On an emotional level it is difficult to be unhappy with the U.S. Supreme Court’s decision upholding the 2003 Partial-Birth Abortion Ban Act.
The procedure banned in that law, which involves extracting from the womb most of an intact fetus, 20 weeks or older, then piercing or crushing the skull to make sure the baby is dead before the extraction is completed, is, as Justice Anthony Kennedy put it in his narrow 5-4 majority opinion, “gruesome and inhumane.”
Even advocates of an unlimited right to abortion acknowledge that the procedure is rarely performed and there are alternative ways of performing an abortion beyond 12 weeks.
A total of 26 states already have bans on late-term abortions; this decision creates a nationwide ban.
Congress passed the law in response to a 2000 high court decision, Stenberg v. Carhart, that struck down a similar Nebraska law. As Justice Kennedy noted, Congress took into account the court’s objections to the Nebraska law and crafted a law designed to address the concerns expressed in Stenberg. Therefore, opponents had not proved that the law, “is void for vagueness, or that it imposes an undue burden on a woman’s right to an abortion based on its overbreadth or lack of a health exception.”
In the kind of angels-dancing-on-the-head-of-a-pin reasoning that has become the standard in abortion jurisprudence since Roe v. Wade in 1973 discovered a theretofore undetectable constitutional right to abortion (as opposed to each state deciding the matter), this was defensible enough.
Roe v. Wade never said abortion could not be regulated after the first trimester, and the 1992 Planned Parenthood v. Casey case affirmed that abortions could be regulated or banned so long as exceptions were made to protect the life or health of the mother.
As Justice Clarence Thomas noted in a brief concurrence also signed by Justice Antonin Scalia, however, a possibly more important constitutional question, “whether the Act constitutes a permissible exercise of Congress’ power under the Commerce Clause is not before the Court. The parties did not raise or brief that issue; it is outside the question presented; and the lower courts did not address it.”

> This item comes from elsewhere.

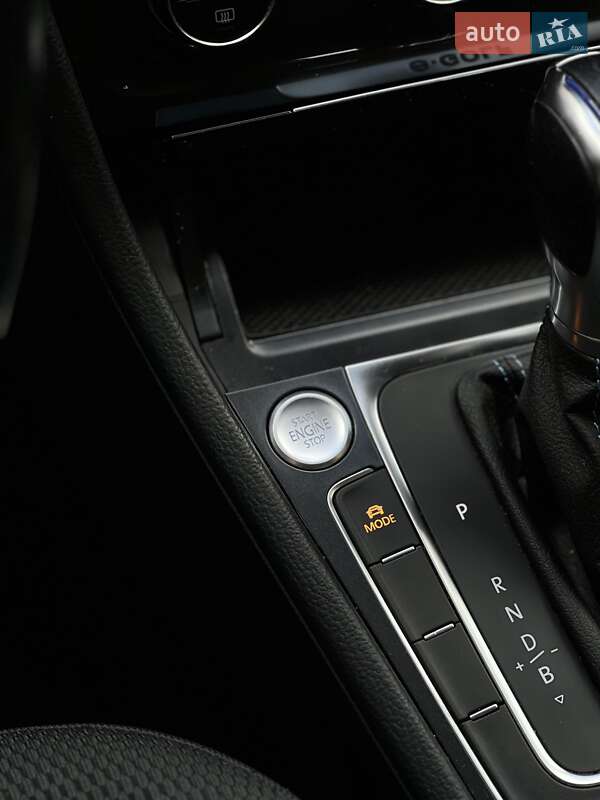 Хетчбек Volkswagen e-Golf 2017 в Софіївській Борщагівці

That’s too bad. The question is perfectly valid. The Constitution enumerated certain powers given to Congress, leaving all other powers to the states and the people.
Traditionally, as constitutional scholar Roger Pilon at the libertarian Cato Institute and John Eastman of Chapman University and the Claremont Institute reminded us, the general police power, under which abortion had traditionally been regulated, resided in the states — until Congress began expanding the meaning of the commerce clause in the 1930s to give it power to regulate anything and everything that might remotely or even theoretically affect interstate commerce.
And the courts let Congress get away with it.
The Rehnquist court began tentatively reining in the power that Congress can claim under the interstate commerce clause in the late 1990s. But in Gonzales v. Raich, a 2005 medical marijuana case, the high court endorsed the most outrageous and expansive interpretation of the power to legislate ever, ruling that medical marijuana that never left California and over which no money ever changed hands could still “affect” interstate commerce, giving Congress the power to prohibit it utterly.
Had the court chosen to revisit its commerce clause jurisprudence, beginning the process of returning abortion regulation to the states, where it should have remained all along, it could have begun to defuse what has become one of the most poisonously divisive issues of our times and reinvigorated the Constitution.
But it chose to dance on pinheads.
So, now, abortion likely will move front and center into the presidential campaign.
Some states will try more expansive bans, and more challenges will come as new laws are applied.